◆ Dataset records ◆

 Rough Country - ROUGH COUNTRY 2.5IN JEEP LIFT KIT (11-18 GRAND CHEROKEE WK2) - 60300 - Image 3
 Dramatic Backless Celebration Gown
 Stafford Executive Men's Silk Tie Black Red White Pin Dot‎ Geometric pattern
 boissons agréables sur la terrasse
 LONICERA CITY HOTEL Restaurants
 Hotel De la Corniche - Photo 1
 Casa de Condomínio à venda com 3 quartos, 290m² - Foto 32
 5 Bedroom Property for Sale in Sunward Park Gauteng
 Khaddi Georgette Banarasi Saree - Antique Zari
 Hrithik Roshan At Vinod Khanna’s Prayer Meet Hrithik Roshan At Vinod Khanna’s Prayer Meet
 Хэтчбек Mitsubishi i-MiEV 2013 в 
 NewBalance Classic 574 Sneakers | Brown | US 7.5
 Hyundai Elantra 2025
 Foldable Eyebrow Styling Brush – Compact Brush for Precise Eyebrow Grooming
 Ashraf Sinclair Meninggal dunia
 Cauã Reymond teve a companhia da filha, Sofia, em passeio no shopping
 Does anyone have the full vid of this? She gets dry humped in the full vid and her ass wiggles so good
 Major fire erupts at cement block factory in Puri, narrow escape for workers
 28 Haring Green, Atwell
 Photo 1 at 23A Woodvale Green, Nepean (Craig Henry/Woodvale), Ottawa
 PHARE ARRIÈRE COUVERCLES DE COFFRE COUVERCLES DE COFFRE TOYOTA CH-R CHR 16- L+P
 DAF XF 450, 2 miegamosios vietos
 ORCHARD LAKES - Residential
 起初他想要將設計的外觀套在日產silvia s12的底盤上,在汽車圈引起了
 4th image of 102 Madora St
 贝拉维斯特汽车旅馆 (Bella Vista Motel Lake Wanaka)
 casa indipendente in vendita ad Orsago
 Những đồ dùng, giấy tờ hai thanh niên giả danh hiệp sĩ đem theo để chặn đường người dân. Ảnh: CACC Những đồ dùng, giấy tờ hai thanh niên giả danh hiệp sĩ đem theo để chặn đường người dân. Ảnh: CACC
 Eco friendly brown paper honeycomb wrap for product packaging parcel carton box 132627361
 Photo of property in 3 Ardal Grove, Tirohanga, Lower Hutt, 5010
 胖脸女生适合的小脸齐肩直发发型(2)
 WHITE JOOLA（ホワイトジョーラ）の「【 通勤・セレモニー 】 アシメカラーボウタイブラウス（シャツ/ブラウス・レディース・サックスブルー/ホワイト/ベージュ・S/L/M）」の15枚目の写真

◆ The task ◆
Send back, unchanged, every line of the records from the one with "Ashraf Sinclair Meninggal dunia" through the last.

◆ Solution to the exercise ◆
 Ashraf Sinclair Meninggal dunia
 Cauã Reymond teve a companhia da filha, Sofia, em passeio no shopping
 Does anyone have the full vid of this? She gets dry humped in the full vid and her ass wiggles so good
 Major fire erupts at cement block factory in Puri, narrow escape for workers
 28 Haring Green, Atwell
 Photo 1 at 23A Woodvale Green, Nepean (Craig Henry/Woodvale), Ottawa
 PHARE ARRIÈRE COUVERCLES DE COFFRE COUVERCLES DE COFFRE TOYOTA CH-R CHR 16- L+P
 DAF XF 450, 2 miegamosios vietos
 ORCHARD LAKES - Residential
 起初他想要將設計的外觀套在日產silvia s12的底盤上,在汽車圈引起了
 4th image of 102 Madora St
 贝拉维斯特汽车旅馆 (Bella Vista Motel Lake Wanaka)
 casa indipendente in vendita ad Orsago
 Những đồ dùng, giấy tờ hai thanh niên giả danh hiệp sĩ đem theo để chặn đường người dân. Ảnh: CACC Những đồ dùng, giấy tờ hai thanh niên giả danh hiệp sĩ đem theo để chặn đường người dân. Ảnh: CACC
 Eco friendly brown paper honeycomb wrap for product packaging parcel carton box 132627361
 Photo of property in 3 Ardal Grove, Tirohanga, Lower Hutt, 5010
 胖脸女生适合的小脸齐肩直发发型(2)
 WHITE JOOLA（ホワイトジョーラ）の「【 通勤・セレモニー 】 アシメカラーボウタイブラウス（シャツ/ブラウス・レディース・サックスブルー/ホワイト/ベージュ・S/L/M）」の15枚目の写真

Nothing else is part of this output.